# Need Advice on Antidepressants.. Will they prolong or make dp worse?



## ValleyGirl (Nov 10, 2017)

Ok, so here's the deal. I suspect that taking prozac might have been a catalyst for my dp. I was in a very stressful time in my life and just started not feeling right mentally. I was having panic attacks and bad anxiety and, in the past, I had been on prozac for anxiety and depression. I went on a off of it a lot and it always worked to take away the anxiety and depression. I never had any bad side effects and no issues just stopping and starting it.

Well, I find it absolutely no coincidence that both times I've gotten dp, I took a dose a prozac the night before. The first time, admittedly, I took more than I should have. The 2nd time, I only took about 10 mg, which is a normal beginner dose. I woke up with dp the next morning both times and this last time the dp has lasted 10 1/2 months. I believe that my brain chemicals were already severly unbalanced and that the flooding of seretonin just shoved things over the edge into dp land.

So anyways, I've been on a lot of medications since getting dp. I took prozac again and at a 20 mg dose, it did nothing. When I went up to 40 mg, it made the dp sensations worse (feeling unreal, feeling disoriented, feel numb). So I stopped it. Tried to go back on it a couple of months later and it made the dp worse again.

Since then, I have only been taking SUB b and d suppliments.

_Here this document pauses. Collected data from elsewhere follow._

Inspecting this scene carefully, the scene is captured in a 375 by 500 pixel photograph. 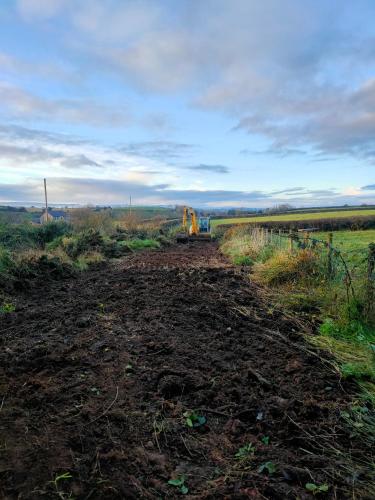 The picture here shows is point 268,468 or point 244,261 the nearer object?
point 268,468

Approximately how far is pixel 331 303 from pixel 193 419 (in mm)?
3797

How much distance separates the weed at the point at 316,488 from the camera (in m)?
2.30

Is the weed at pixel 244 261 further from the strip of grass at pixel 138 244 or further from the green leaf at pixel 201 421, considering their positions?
the green leaf at pixel 201 421

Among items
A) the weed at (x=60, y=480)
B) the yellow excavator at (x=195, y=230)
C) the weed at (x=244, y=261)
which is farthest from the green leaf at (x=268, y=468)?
the yellow excavator at (x=195, y=230)

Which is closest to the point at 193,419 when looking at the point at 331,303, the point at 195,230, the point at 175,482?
the point at 175,482

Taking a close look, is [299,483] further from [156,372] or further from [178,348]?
[178,348]

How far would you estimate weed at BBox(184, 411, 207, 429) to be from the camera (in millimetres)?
3021

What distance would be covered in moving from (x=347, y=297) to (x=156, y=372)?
3.27 metres

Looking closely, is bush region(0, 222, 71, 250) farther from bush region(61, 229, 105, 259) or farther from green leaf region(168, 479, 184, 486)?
green leaf region(168, 479, 184, 486)

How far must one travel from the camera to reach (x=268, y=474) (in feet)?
8.02

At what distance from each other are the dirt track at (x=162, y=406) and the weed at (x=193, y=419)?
39 mm

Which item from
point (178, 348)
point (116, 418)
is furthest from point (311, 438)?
point (178, 348)

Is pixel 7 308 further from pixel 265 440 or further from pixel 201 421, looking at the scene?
pixel 265 440

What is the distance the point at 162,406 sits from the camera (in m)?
3.25
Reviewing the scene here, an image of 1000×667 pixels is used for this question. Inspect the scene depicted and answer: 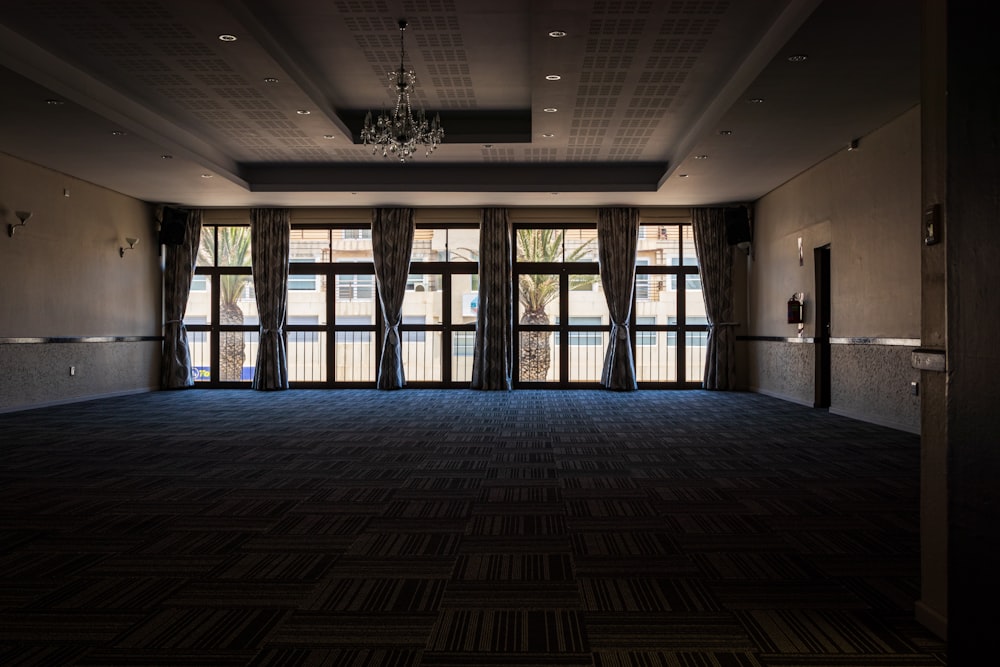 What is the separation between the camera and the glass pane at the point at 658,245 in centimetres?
1213

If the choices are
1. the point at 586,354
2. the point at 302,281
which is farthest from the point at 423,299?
the point at 586,354

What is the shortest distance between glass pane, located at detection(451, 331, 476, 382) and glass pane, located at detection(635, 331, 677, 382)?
284 cm

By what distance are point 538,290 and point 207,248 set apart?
19.0 feet

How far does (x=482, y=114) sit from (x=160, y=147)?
12.2 feet

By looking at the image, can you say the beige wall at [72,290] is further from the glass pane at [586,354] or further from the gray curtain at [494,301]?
the glass pane at [586,354]

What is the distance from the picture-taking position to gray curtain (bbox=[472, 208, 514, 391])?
11.8 meters

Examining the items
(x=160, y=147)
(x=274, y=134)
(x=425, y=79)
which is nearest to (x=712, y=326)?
(x=425, y=79)

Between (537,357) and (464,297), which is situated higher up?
(464,297)

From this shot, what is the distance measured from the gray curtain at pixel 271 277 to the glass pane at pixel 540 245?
156 inches

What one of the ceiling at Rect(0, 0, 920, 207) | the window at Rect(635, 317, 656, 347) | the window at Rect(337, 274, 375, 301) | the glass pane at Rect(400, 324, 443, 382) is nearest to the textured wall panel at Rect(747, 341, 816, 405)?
the window at Rect(635, 317, 656, 347)

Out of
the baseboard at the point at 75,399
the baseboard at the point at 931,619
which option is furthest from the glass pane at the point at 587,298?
the baseboard at the point at 931,619

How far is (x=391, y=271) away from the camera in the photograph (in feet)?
39.2

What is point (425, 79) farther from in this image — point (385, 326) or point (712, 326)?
point (712, 326)

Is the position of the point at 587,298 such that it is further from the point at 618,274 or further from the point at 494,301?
the point at 494,301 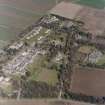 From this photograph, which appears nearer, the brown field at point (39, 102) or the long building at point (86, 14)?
the brown field at point (39, 102)

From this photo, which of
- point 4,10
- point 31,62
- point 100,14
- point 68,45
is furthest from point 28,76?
point 4,10

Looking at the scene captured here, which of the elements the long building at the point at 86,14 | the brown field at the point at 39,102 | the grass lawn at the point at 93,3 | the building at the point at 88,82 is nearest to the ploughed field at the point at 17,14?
the long building at the point at 86,14

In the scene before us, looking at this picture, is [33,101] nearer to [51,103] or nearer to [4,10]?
[51,103]

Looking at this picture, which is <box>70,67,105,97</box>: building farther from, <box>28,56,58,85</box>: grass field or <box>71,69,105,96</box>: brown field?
<box>28,56,58,85</box>: grass field

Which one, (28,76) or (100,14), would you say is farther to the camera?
(100,14)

Well, needless to say, I feel around 85% recovered lately. My dp is there but it is very mild most of the time. Still, I have suicidal depression and irrational anger and the suppliments aren't even touching it. I feel that it's time to look into some kind of antidepressant BUT I am wary. I don't expect them to cure my dp. Actually I know they won't. I am looking for relief from the depression and anger. What I am worried about is it causing my dp to get worse. I've made so much progress in recovery and I do not want to backslide. I also worry that taking an antidepressant will proglong my dp. As I said, I feel 85%. What if, in two months, my dp would be gone expect for the fact that an antidepressant is preventing that?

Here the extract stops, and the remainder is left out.